JAVA MOSS, Vesicularia dubyana, - you can let this float as a ball or tied to drift wood, or rock, i would not mix this with the christmas moss. so if you tie both to a driftwood, make sure its at different places or one to driftwood one to rock.

Echinodorus cordifolius Tropica Marble Queen, BEAUTIFUL, EASY
Item # MARBLEQUEEN, background - place in the back ground, bury roots. even if you get it as a small plant it will get fairly big.

CYPERUS HELFERI, wonderful background plant or midground focal
Item # helferiP - very nice long grassly plant, put it in the background, next to the vals if you wanna make a tall grass wall in the back.

ANUBIAS FRAZERI, Tall Anubias Species background up to 20 inches
Item # Frazeri01 - sooo many tall plants.... lol no experience with this one, probably plant like a sword. if it comes with a rhizome dont bury it.

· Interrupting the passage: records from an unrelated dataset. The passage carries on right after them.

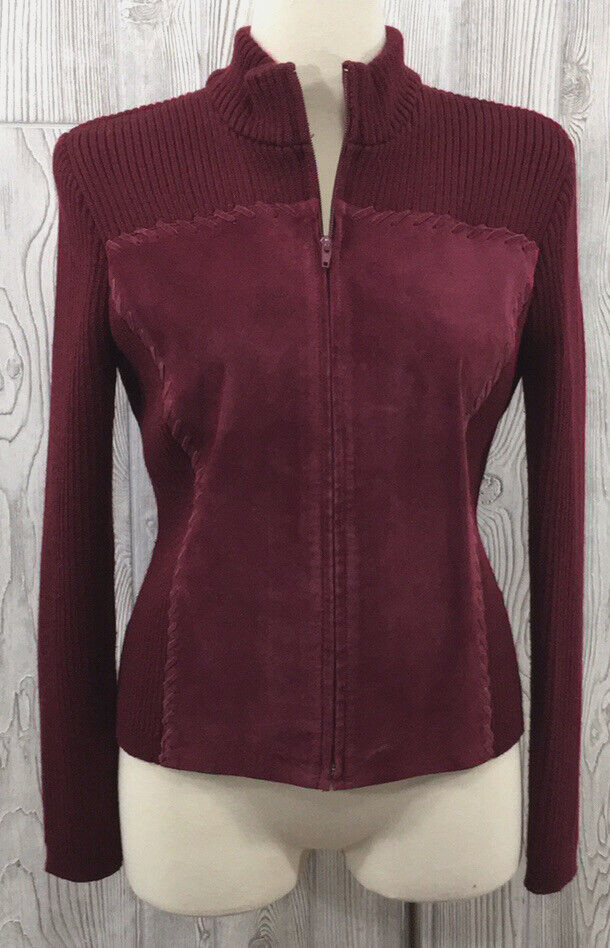 Vintage 80s Willi Smith Burgundy Suede Leather Knit Jacket Medium Designer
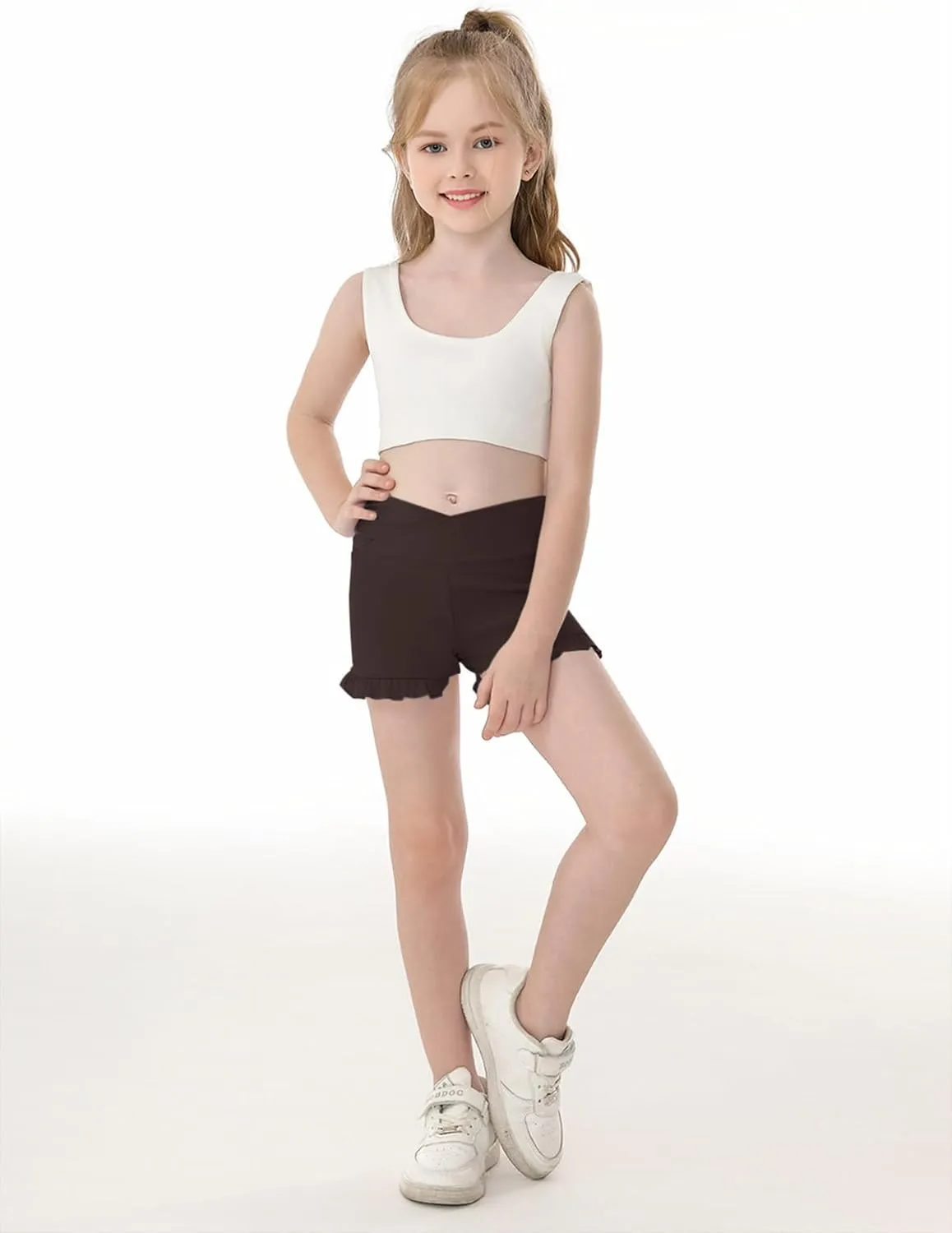 Haloumoning Girls Athletic Ruffle High Waisted Yoga Dance Gymnastics Shorts 5-14Y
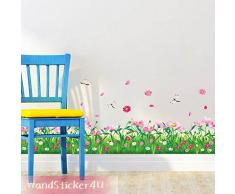 WandSticker4U®- Wandtattoo Blumenwiese mit Libellen I Breite: 2.3M I Wandsticker Wiese Frühling Fensterbilder Blumen Gras Bordüre I Wand Deko für Wohnzimmer Kinderzimmer Flur Fenster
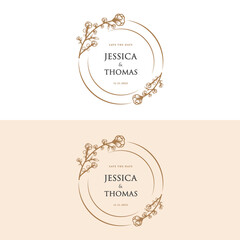 Botanical Hand Drawn collection Logo with Wild Flower and Leaves. Logo for spa and beauty salon, boutique, organic shop, wedding, floral designer, interior, photography, cosmetic. vector illustration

I reallllly realllly hope you have a tank big enough for all of these. even if they come as tiny plants, they willl grow out and fill your tank pretty fast.


----------



## jadaBlu (Feb 14, 2013)

Thanks! I have a 29 gallon for my sorority (and a 20 long on reserve just for plants for growing out) I am planning to start planting other smaller tanks too. I have lots of tanks to convert over. I hope I end up having enough to sell the long run to pay for fish expenses.


----------



## Flyby Stardancer (Jun 19, 2013)

I have my anubias and java ferns tied to rocks, and then the rocks sit on the substrate, so that the rhizomes don't get burried.


----------